INSTRUCTIONS FOR THE TASK: No pictures, please: print exactly the lines from the one that contains "US airports saw" through the last line of the listing.

DATASET SECTION:
▬▬▬▬▬▬▬▬▬▬
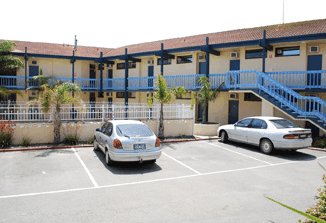 Lakes Central Hotel - Tourism Canberra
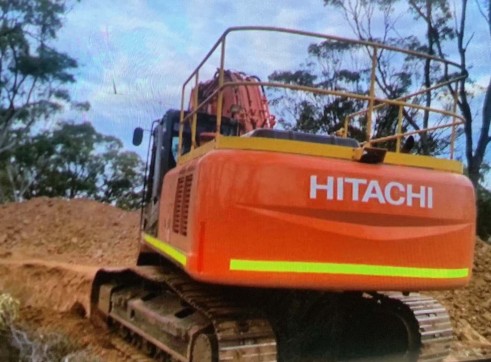 30T 2011 Hitachi Excavator ZX-330 $450 p/day 2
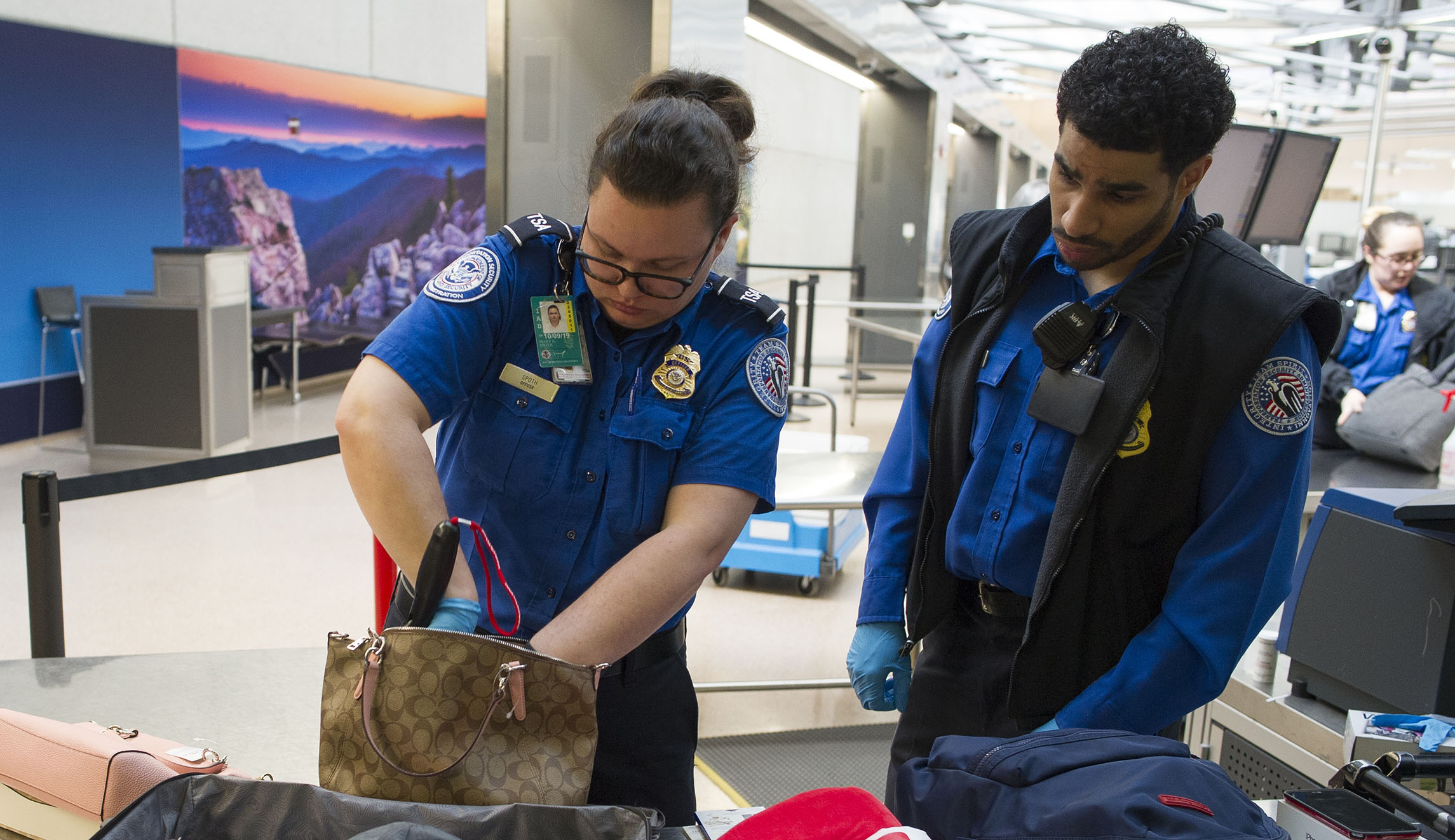 US airports saw busiest day ever Friday before Memorial Day: TSA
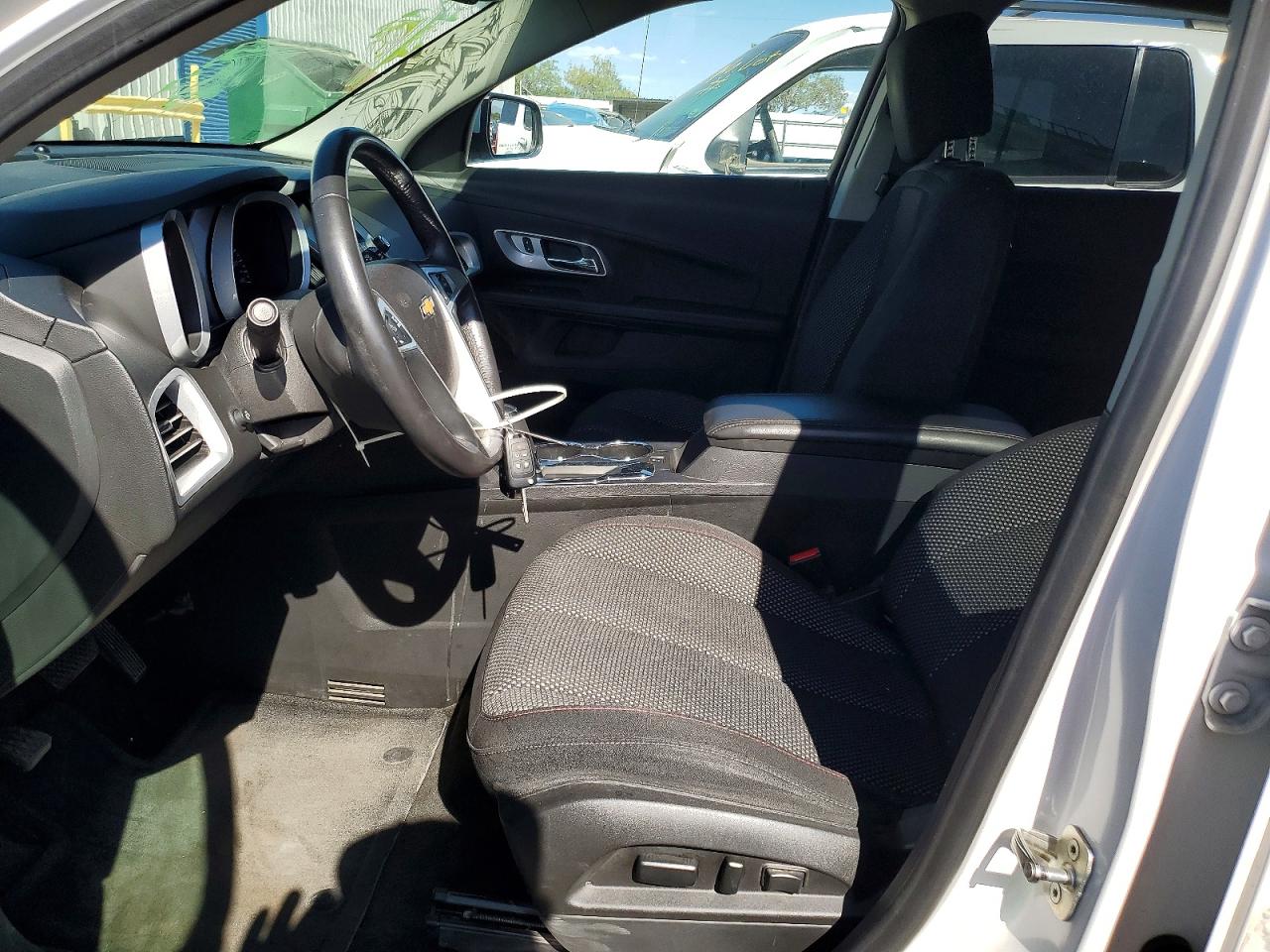 2017 CHEVROLET EQUINOX LT photo 19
▬▬▬▬▬▬▬▬▬▬
OUTPUT:
 US airports saw busiest day ever Friday before Memorial Day: TSA
 2017 CHEVROLET EQUINOX LT photo 19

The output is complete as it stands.